Pasta is a natural pairing with Calabrian chili butter, which can be mixed into tomato, meat, or even cream-based sauces, or used on its own simply tossed with noodles. The butter adds a simmering Mediterranean heat when melted on top of meat and fish. Because Calabrian chilis' heat is not too blazing, you can pair it with milder-tasting ingredients like chicken and it won't be out of balance. A little of the flavorful butter mixed into broth will add just enough richness and heat to complement braised shellfish like clams and mussels.
Jalapeño agave butter
Combine the bite of fresh jalapeño peppers with the rich creaminess of butter, and a hint of sweetness from agave syrup, and you've got a compound butter that will surely invigorate your dinner party menu. Depending on how much heat you want your butter to convey, you can load it up with plenty of jalapeños, seeds and all, or you can use a light hand so the butter is sparsely flecked with the minced or chopped peppers. Keep in mind that the addition of agave syrup will moderate the peppers' heat, as will the butter, so you can use a bit more than you might normally be comfortable with.
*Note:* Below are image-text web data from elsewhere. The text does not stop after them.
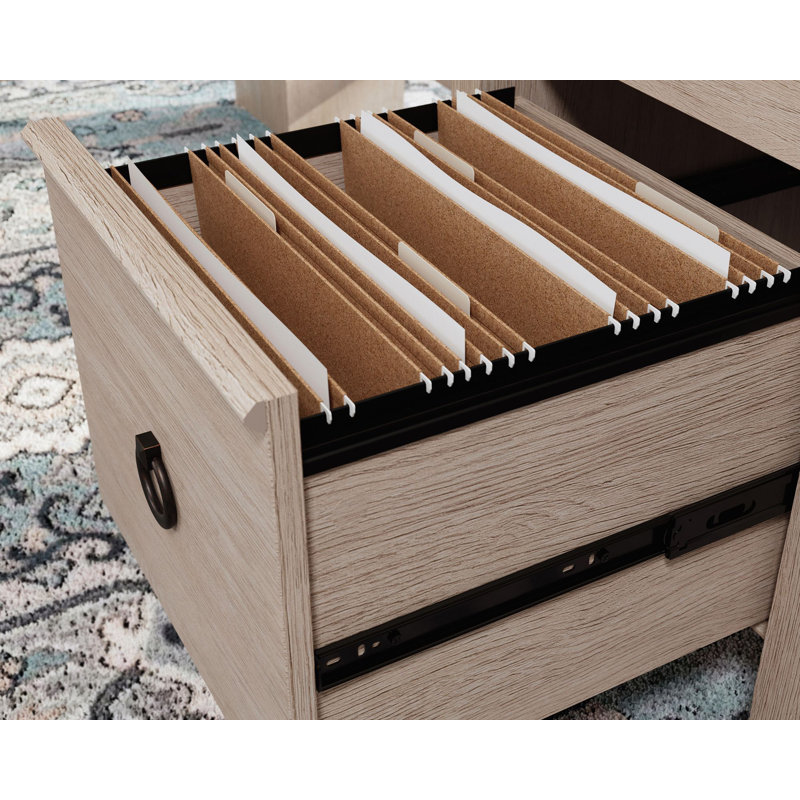 Bureau d'écriture rectangulaire l 60 po Abriannah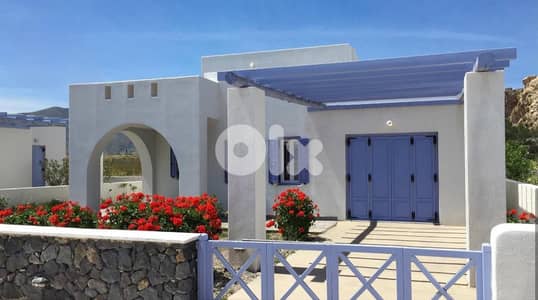 111 SQM  Villa in Monolithos, Santorini, Greece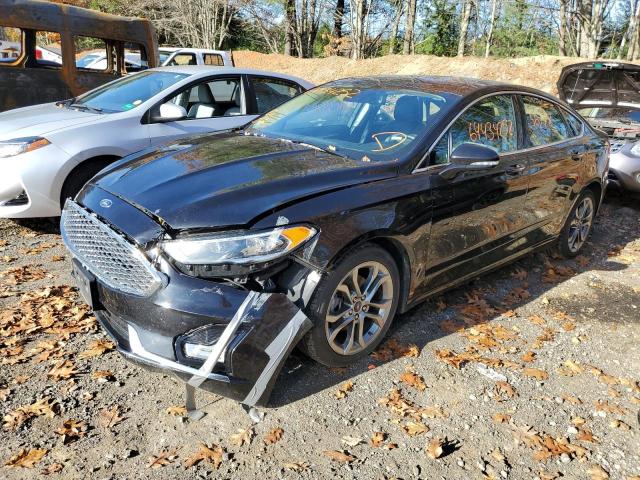 Photo 1 VIN: 3FA6P0RU8LR100255 - FORD FUSION TIT 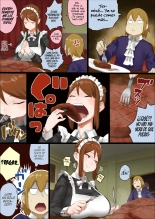 Master And Maid : página 28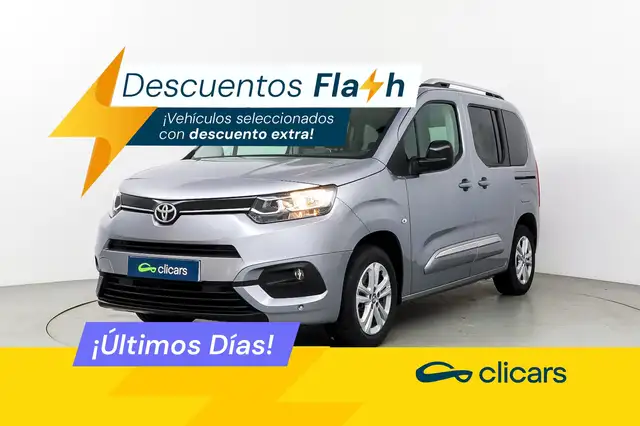 Toyota Proace Family L1 1.2 5pl. Active 130 Aut.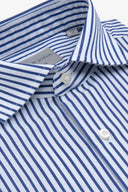 Camicia a righe royal slim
If you're serving Mexican or other Central American cuisine, jalapeño agave butter is a must. Spread jalapeño agave butter on tortillas or cornbread. It's great on corn on the cob. The combination of sweetness and heat works especially well with chicken and pork. A jalapeño agave butter board is a fun way to kick off a dinner party, particularly when paired with cocktails made from agave-based spirits, like tequila, sotol, and mezcal. Use Tajin, a Mexican seasoning blend, to rim your drinks and garnish your butter board for an extra spicy, salty burst of flavor.
Citrus butter
Extremely versatile and simple to make, a compound butter with citrus can be a game-changer when it comes to adding flavor to food. Countless dishes can benefit from a bright hit of zesty citrus butter, from seafood to vegetables to red meat, like this ribeye with pepita-lime butter. And the wide variety of citrus fruits means you can create an infinite number of flavored butters, featuring one type of citrus or a combination of several. Using the fruits' juice, flesh, or zest gives the butter different flavors, aromas, and textures, as well.
There are your basic lemons, limes, oranges, and grapefruits, which can be zested, squeezed, and puréed and then added to butter. But don't shy away from more unusual citrus fruits that can result in sublime compound butters with unique flavors. Fruits like Meyer lemon, yuzu, and bergamot are wonderfully fragrant with hints of floral notes, creating compound butters with intoxicating perfumes. Sweet, tart, and tiny, kumquats can be used whole, skins and all, and used to make a bright and tangy butter. The juice and flesh of blood oranges add a stunning hue to butter, from maroon to crimson to deep pink, making it an eye-catching choice for a butter board.